Andréa Camurça: E no próprio ecossistema. O que os ruídos dos aerogeradores vão trazer para espécies do ecossistema marinho? Precisamos de aprofundamento dos estudos e alguns já apontam isso. Vai haver todo impedimento da pesca artesanal, como se vislumbra em projetos para até 5km de mar territorial. A pesca artesanal vai até 40km ou mais a depender das características locais e do tipo de pesca. São embarcações à vela, e faz parte da cultura e da pesca artesanal que demanda embarcações pequenas. Isso pode gerar insegurança alimentar. E isso tem tudo a ver com a saúde, não é? Assim, não se sabe quais serão, inclusive, as alterações no ecossistema marinho dessas espécies de pescado, o que será das mulheres que vivem da cata do marisco…

As torres não vão cair do céu, elas vão circular por navio. E não é só isso, tem os cabeamentos, tem as centrais, que vão estar tanto em mar como em terra, tem as linhas de transmissão. Ninguém fala de linha de transmissão, que também gera diversos impactos para as populações. É uma cadeia de impactos que, muitas vezes, olhamos isoladamente. Se essas eólicas se afirmarem da forma como estão pensadas no mar, vai acabar essa pesca, o que vai gerar uma diversidade de danos à saúde coletiva. Até a lagosta que é exportada vem da pesca artesanal.

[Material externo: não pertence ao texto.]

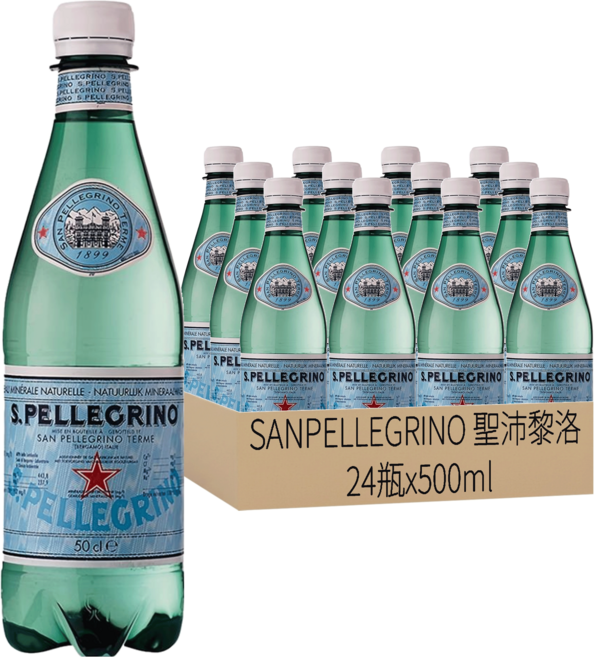 SANPELLEGRINO 聖沛黎洛 天然氣泡礦泉水, 500ml, 24瓶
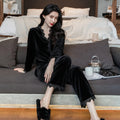 Pajamas gold velvet long sleeve lace cardigan set sexy home wear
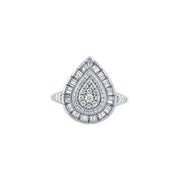 10K WHITE GOLD 0.75 CTW Diamond PEAR ENGAGEMENT RING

Letícia Abreu: E não é só. Batemos muito na relação dos impactos das comunidades tradicionais, que de fato são os mais absurdos, fortes e profundos. Mas não podemos deixar de pensar que vai impactar todo mundo. O que vai ser da própria circulação do alimento no estado dos mariscos? O próprio Sururu já não existe mais em partes do rio Jaguaribe por conta dos efeitos das mudanças climáticas, além das consequências do derramamento do petróleo, o que até hoje não gerou nenhuma medida de reparação.

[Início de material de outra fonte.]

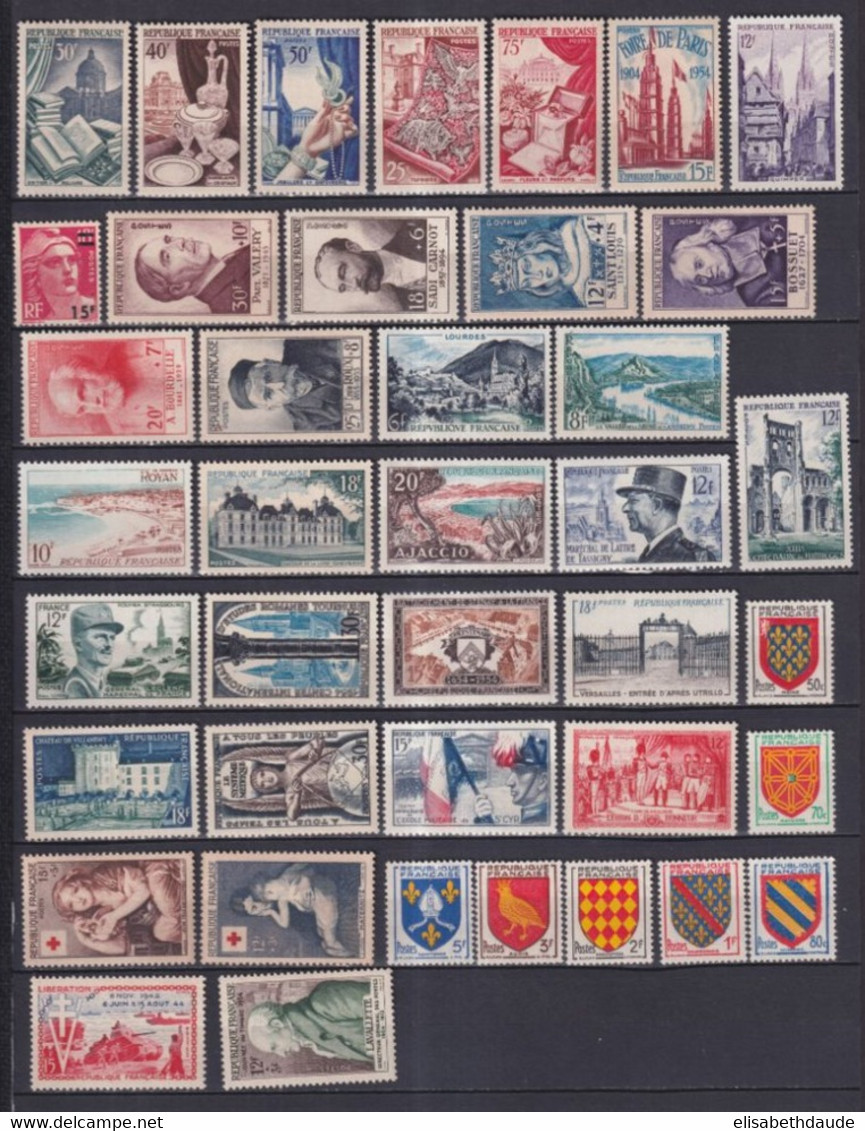 FRANCE - 1954 - VENTE SPECIALE !  ANNEE COMPLETE ** MNH - 40 TIMBRES - COTE = 315 EUR. - 1950-1959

O avanço da privatização das praias, o fortalecimento das instalações de usinas offshore, seu cabeamento e linhas de transmissão e até um risco ao turismo são fatores associados. Tudo está ligado. A gente fala de uma coisa aqui, outra ali, mas não tem como desassociar todas as coisas ao mesmo tempo.

Vamos falar cada vez mais na junção de impactos, dos impactos cumulativos e sinérgicos, porque tem uma legislação ou outra que estabelece tamanhos mínimos, por exemplo, na carcinicultura, ainda hoje um grande negócio, mas um degradador muito profundo dos manguezais e da zona costeira há duas décadas. E continua a ser. A lei diz que em área de até cinco hectares pode-se ter tanques de criação de camarão, pois são classificados como pequenos. Mas e vários tanques de cinco hectares somados? Essa soma de impactos ainda está pouco estudada, porque quem cria essa caixinha somos nós, mas a natureza não está ali naqueles cinco hectares, está toda ao redor. Temos de lembrar sempre da concomitância dos impactos porque muitas coisas são repartidas. E os impactos serão para todos no final das contas.